Si è parlato molto del nuovo piano per l’informazione approvato dal Cda Rai su proposta del nuovo ad Salini, che prevede 9 nuovi super-direttori di area, un direttore generale per l’azienda ( come se non bastasse già l’amministratore delegato), una certa quota di italianità nella messa in onda dei prodotti e un nuovo sito digitale che unifica e azzera i preesistenti delle testate dei telegiornali.

Nonostante le buone intenzioni quella di Salini è una iniziativa inutile, com’è inutile anche l’idea bocciata di una unica newsroom per l’informazione. Inutile, ma rebus sic stantibus anche dannosa. Perché questa velleitaria ipotesi di rinnovamento dell’azienda non fa i conti con la realtà della lottizzazione, convitato di pietra di qualsiasi tavolo riformatore aziendale, sempre incombente aldilà delle cromature dei governi che si succedono.

Anzi, rischia di fare ancora più danni. Il motivo è facilmente intuibile a chiunque, meno forse che all’ad, ed è conseguenza diretta della presa dei partiti sulla Rai e della loro volontà di potenza. Detto più semplicemente: alle spartizioni solite se ne aggiungerebbero altre per ricoprire gli spazi aperti dal nuovo piano partorito dal volenteroso amministratore.

Ora delle due l’una: o Salini è un ingenuo e non capisce, anche dopo la umiliante ‘convocazione’ del capo della Lega, che anche per i superdirettori, il direttore generale (è in arrivo Matassino dalla Fandango) e le altre poltrone dovrà fare i conti con il governo, oppure fingere perché la sua smania di rimodellamento non è che un modo per non fare scena muta dopo essere stato chiamato a dirigere l’azienda pubblica grazie anche alla intercessione di Di Maio.
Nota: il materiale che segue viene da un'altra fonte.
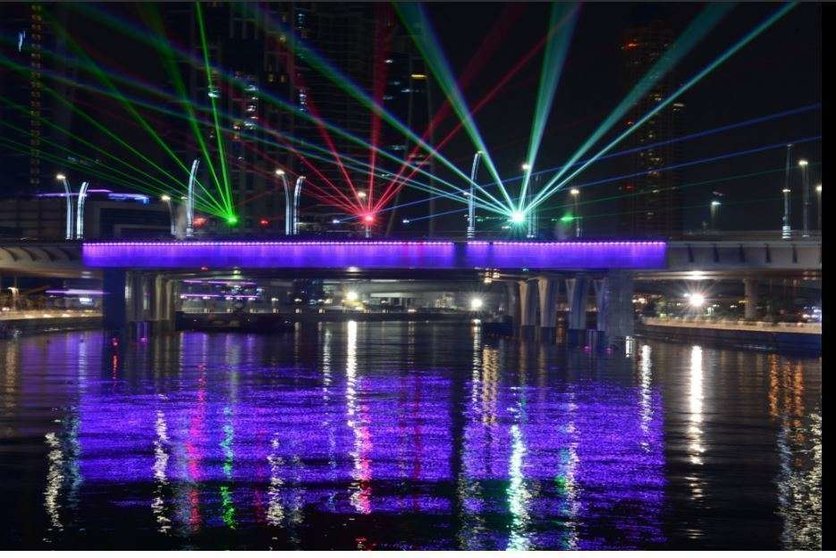 Luces para inaugurar el Gran Canal de Dubai.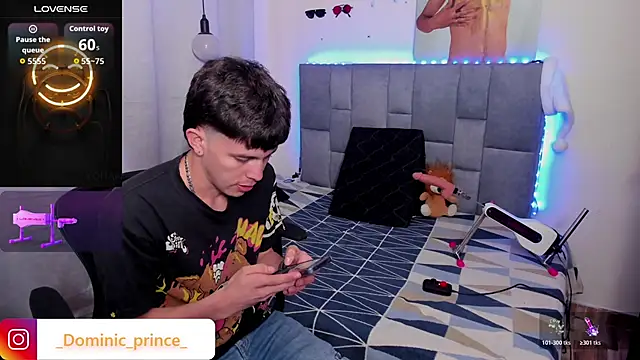 DominicPrince live sex cam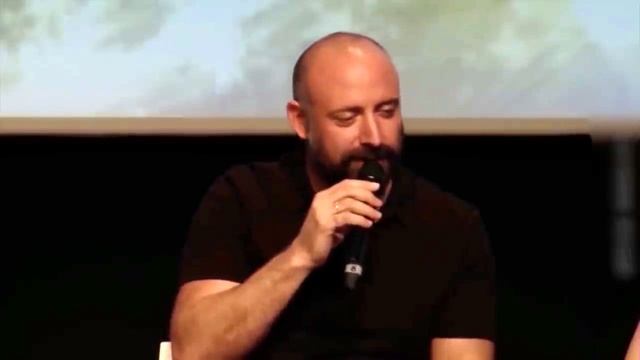 Как живет Халит Эргенч (Halit Ergenç).Всё об актёре..mp4
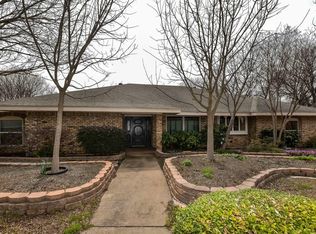 833 Tennis View Ct, Fort worth, TX 76120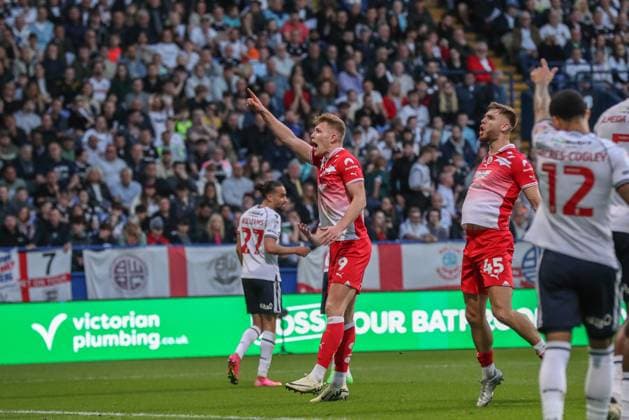 Sky Bet League 1 Play-offs Semi-final second leg Bolton Wanderers v Barnsley Sam Cosgrove of Barnsley celebrates his goal to make it 0-1 during the Sky Bet League 1 Play-offs Semi-final second leg match Bolton Wanderers vs Barnsley at Toughsheet Community Stadium, Bolton, United Kingdom, 7th May 2024 (Photo by Alfie Cosgrove News Images) Bolton Toughsheet Community Stadium Greater Manchester United, ManU Kingdom Copyright: xAlfiexCosgrove NewsxImagesx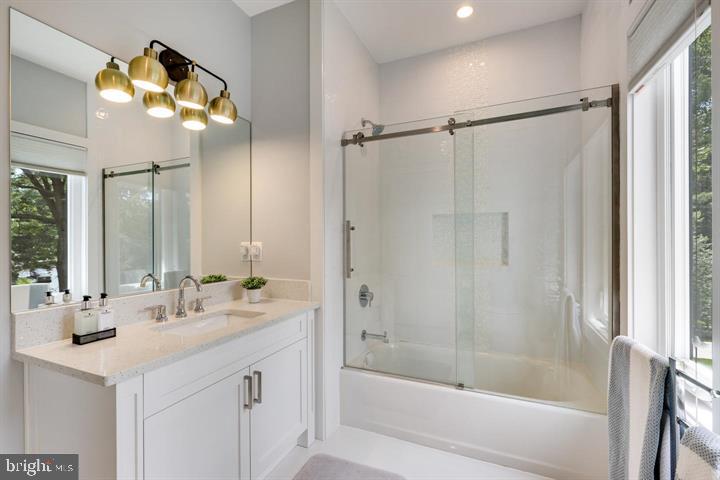 9604 PEMBROKE PL, VIENNA, Virginia 22182, 6 Bedrooms Bedrooms, ,6 BathroomsBathrooms,Residential,For sale,9604 PEMBROKE PL,VAFX2255936 MLS # VAFX2255936
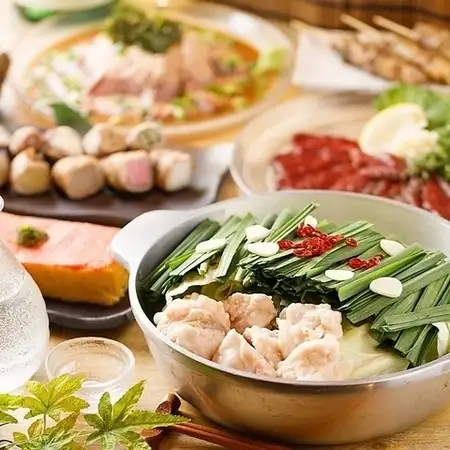 <Hot Pot Included> 'Toyomi Course': 9 dishes including horse sashimi and wagyu beef offal hot pot, with 3 hours of all-you-can-drink. 6000 yen ⇒ 5000 yen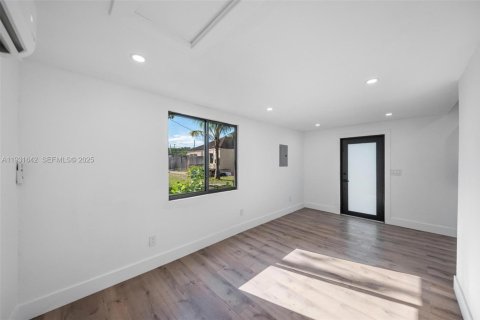 House in Miami, Florida 1 bedroom, 143.16 sq.m. № 1990165 - photo 6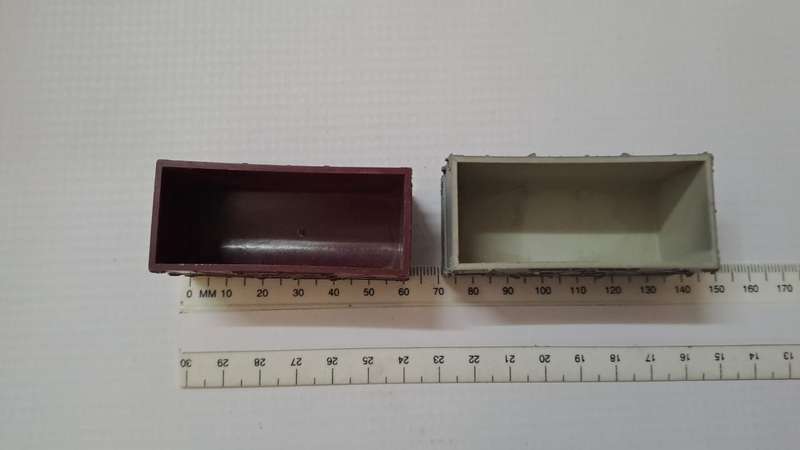 Model Trains HO-Scale 2 x Containers (plastic).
Il quale, però, non fa nulla per aiutarlo, nel senso di adoperarsi ( anche questa una promessa mancata) per una riforma vera dell’ente pubblico e del sistema televisivo più in generale, che liberi dai partiti viale Mazzini e allo stesso tempo renda il sistema più pluralista sottraendolo al duopolio RaiSet.

Ancora oggi, a guardare gli ascolti, ci si rende conto come, nonostante il digitale e i suoi presunti miracoli, la Rai e Mediaset, cioè due soli player, con le loro reti generaliste o di nicchia si ritaglino, caso unico nell’ Europa democratica, dal 60 al 70% ed anche oltre dell’audience: i due terzi del sistema.
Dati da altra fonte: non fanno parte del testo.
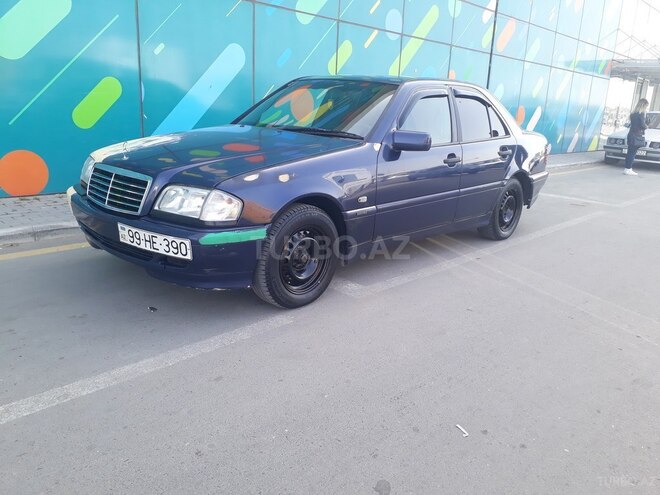 Mercedes C 220 2000, 368,000 km - 2.2 л - Bakı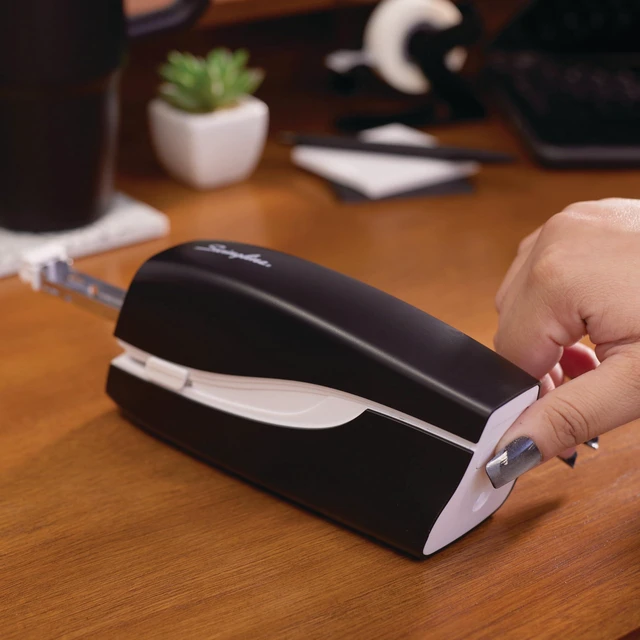 Alt view image 5 of 7 - Electric Stapler, 20 Sheet Capacity, Portable, Full Strip, Plug In or Battery, Black (48200)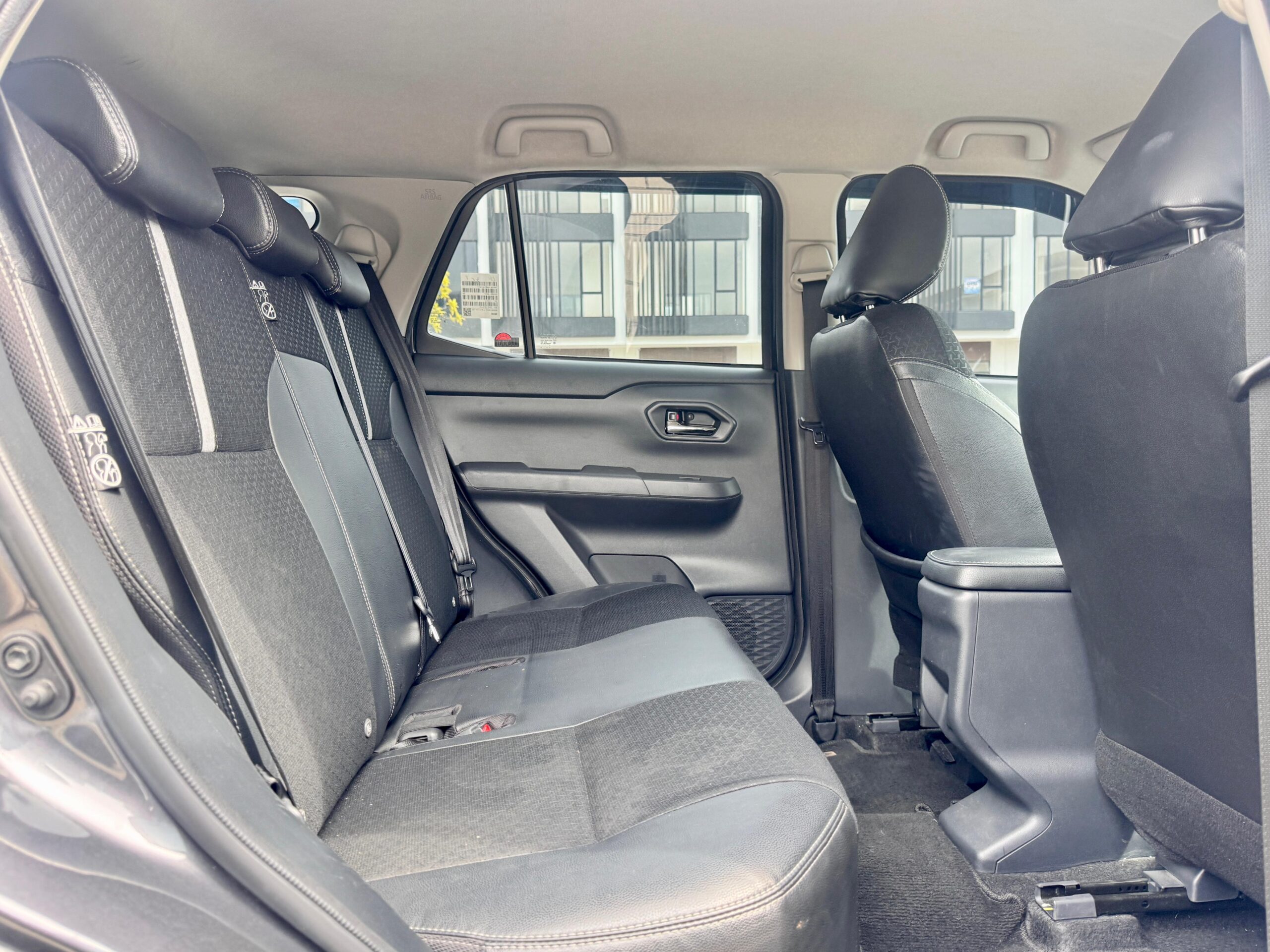 RAIZE 1.0 GR SPORT TSS AT ABU 2021 - Gambar 14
Che poi questo rimanga il problema vero della nostra televisione ce lo dicono anche le ultime tabelle Agcom del mese di febbraio, balzate, a ragione, agli onori della cronaca per la certificazione della strapotenza mediatica di Salvini.
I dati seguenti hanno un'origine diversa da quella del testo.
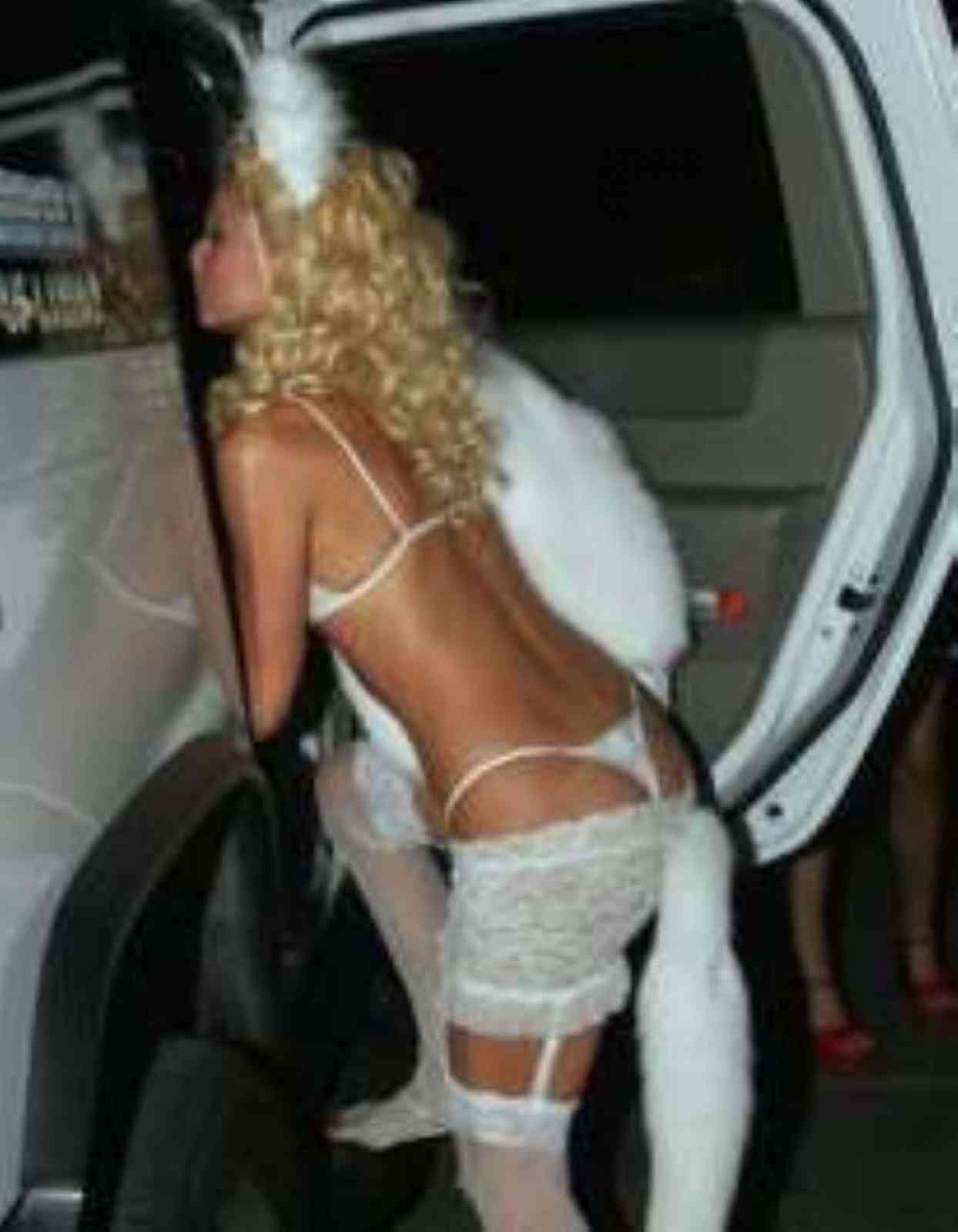 Paris Hilton Crotch Pics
Ma quelle stesse tabelle ci raccontano anche un’altra storia, quella di un proprietario, Berlusconi, che sulle sue tv spadroneggia da parecchi mesi, secondo una ben collaudata strategia catodica ben assecondata dalle sue reti che solo le fortune oggi avverse non amplificano pericolosamente.

Se Salvini primeggia nei tiggì Rai con oltre il 10% del tempo di parola, che è un’enormità, a Mediaset l’ex Cavaliere va molto oltre con percentuali che gli assicurano una copertura bulgara non solo a Studio aperto, Tg4 o Tgcom 24 (dal 16 al 20%), ma anche al Tg5 dove con 35 minuti parla più dei due pur loquacissimi vicepremier messi insieme.

E il fatto che ciò sia stato fino ad ora ininfluente a risollevarne le sorti, se ci dice che la tv non può tutto, non ci tranquillizza per il domani e future nuove leadership destrorse, né ci esime dal sottolineare come l’anomalia italiana rimanga irrisolta, e drammaticamente sospesa, sulla testa della democrazia del paese.